Test set score: 0.9515406900184356


col_0,0,1
row_0,Unnamed: 1_level_1,Unnamed: 2_level_1
0.0,560,96
1.0,88,3053


**All I did here was use lemma counts instead of token (word) counts.**

# Evaluation

In [95]:
# SVC
svc_lemma = SVC(C=0.05, kernel='linear', random_state=0)
svc_lemma.fit(X_lemma_train, y_lemma_train)
svc_lemma.score(X_lemma_emma_test, y_lemma_emma_test)

0.9570713721358968

**XGBoost**  

In [63]:
xgbc = XGBClassifier()
xgbc.fit(X_lemma_train, y_lemma_train)
xgbc.score(X_lemma_emma_test, y_lemma_emma_test)

0.9363148479427549

In [96]:
nb = MultinomialNB()
nb.fit(X_lemma_train, y_lemma_train)
nb.score(X_lemma_emma_test, y_lemma_emma_test)

0.9328417171451145

In the above cases, our models were trained on 3190 sentences and used to predict 3797 examples.

# Challenge 1:
Find out whether your new model is good at identifying Alice in Wonderland vs any other work, Persuasion vs any other work, or Austen vs any other work.  This will involve pulling a new book from the Project Gutenberg corpus (print(gutenberg.fileids()) for a list) and processing it.
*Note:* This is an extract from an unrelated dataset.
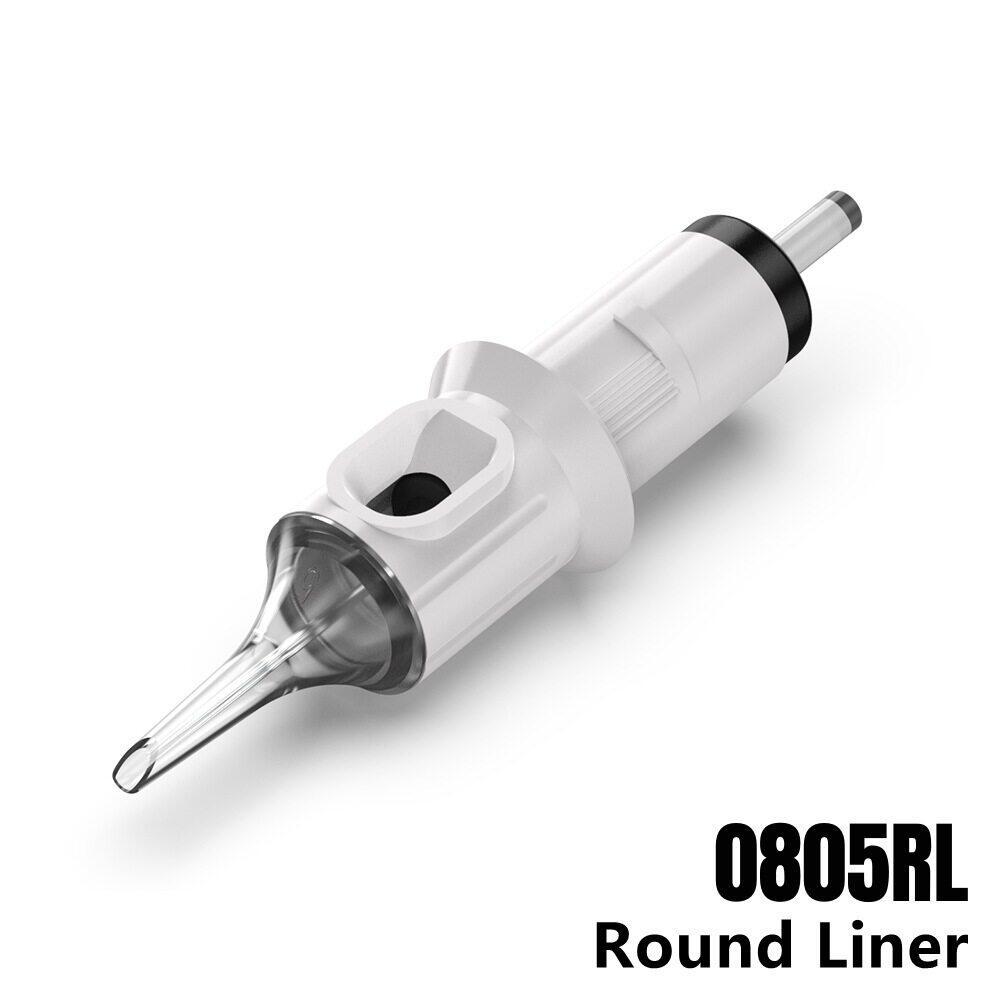 QUELLE 20 ชิ้น/กล่อง #08(0.25 มม.) Tattoo Needle Premium Soft Membrane Cartridges แต่งหน้าถาวร Body PMU SMP Tool Supplies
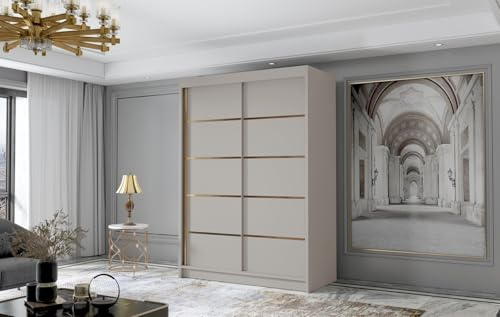 Gaba furniture Gold Series 120 cm Cashmere Sliding Wardrobe Widths 100/120/150/180/200/250 cm Furniture for Bedroom Living Room Wardrobe with Hanging Rail White/Black/Cashmere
Record your work for each challenge in a notebook and submit it below.

In [260]:
print(gutenberg.fileids())

['austen-emma.txt', 'austen-persuasion.txt', 'austen-sense.txt', 'bible-kjv.txt', 'blake-poems.txt', 'bryant-stories.txt', 'burgess-busterbrown.txt', 'carroll-alice.txt', 'chesterton-ball.txt', 'chesterton-brown.txt', 'chesterton-thursday.txt', 'edgeworth-parents.txt', 'melville-moby_dick.txt', 'milton-paradise.txt', 'shakespeare-caesar.txt', 'shakespeare-hamlet.txt', 'shakespeare-macbeth.txt', 'whitman-leaves.txt']


In [67]:
# Clean the Emma data.
milton = gutenberg.raw('milton-paradise.txt')
milton = re.sub(r'VOLUME \w+', '', milton)
milton = re.sub(r'CHAPTER \w+', '', milton)
milton = text_cleaner(milton)
print(milton[:100])
# Parse our cleaned data.
milton_doc = nlp(milton)
milton_sents = [sent for sent in milton_doc.sents]
# instead of truncating the sentences at the total number in Allice In Wonderland,
# let's sample from the entire text instead. 
# It is my belief that the other technique introduces bias.
milton_sents = random.sample(milton_sents, len(alice_sents))

lemma_milton_counts = bag_of_lemma(milton_sents, common_token_lemmas)
# add the emma stuff to the X_test and y_test matrices
X_lemma_milton_test = np.concatenate((X_lemma_test, lemma_milton_counts.astype(int).values))
y_lemma_milton_test = np.concatenate((y_lemma_test, np.ones((lemma_milton_counts.shape[0], ))))
# Model.
print('\nTest set score:', lr_lemma.score(X_lemma_milton_test, y_lemma_milton_test))
lr_milton_lemma_predicted = lr_lemma.predict(X_lemma_milton_test)
pd.crosstab(y_lemma_milton_test, lr_milton_lemma_predicted)

Book I Of Man's first disobedience, and the fruit Of that forbidden tree whose mortal taste Brought 

Test set score: 0.8964972346589413


col_0,0,1
row_0,Unnamed: 1_level_1,Unnamed: 2_level_1
0.0,560,96
1.0,297,2844


In [99]:
# SVC
svc_lemma_milton = SVC(C=0.05, kernel='linear', random_state=0)
svc_lemma_milton.fit(X_lemma_train, y_lemma_train)
svc_lemma_milton.score(X_lemma_milton_test, y_lemma_milton_test)

0.9362654727416382

# Conclusion  

Just tokenization resulted in poor performance compared to lemmatization. This simply change resulted in multiple models that achieved over 90% accuracy. With a little tuning, an SVM classifier was the most accurate (on the test set) at 95.7%. The features that I engineered did not add any predictive power, so I did not include that code in this notebook but is available on request. Those features included: sentence length, average word length, POS tagging (nouns, verbs, adjectives, etc.), polarity (negative, neutral, positive, compound).  

It should be noted that a Naive Bayes classifier worked very well for this data and was especially fast to train. The logistic regression model was also quick to train and was the very accurate.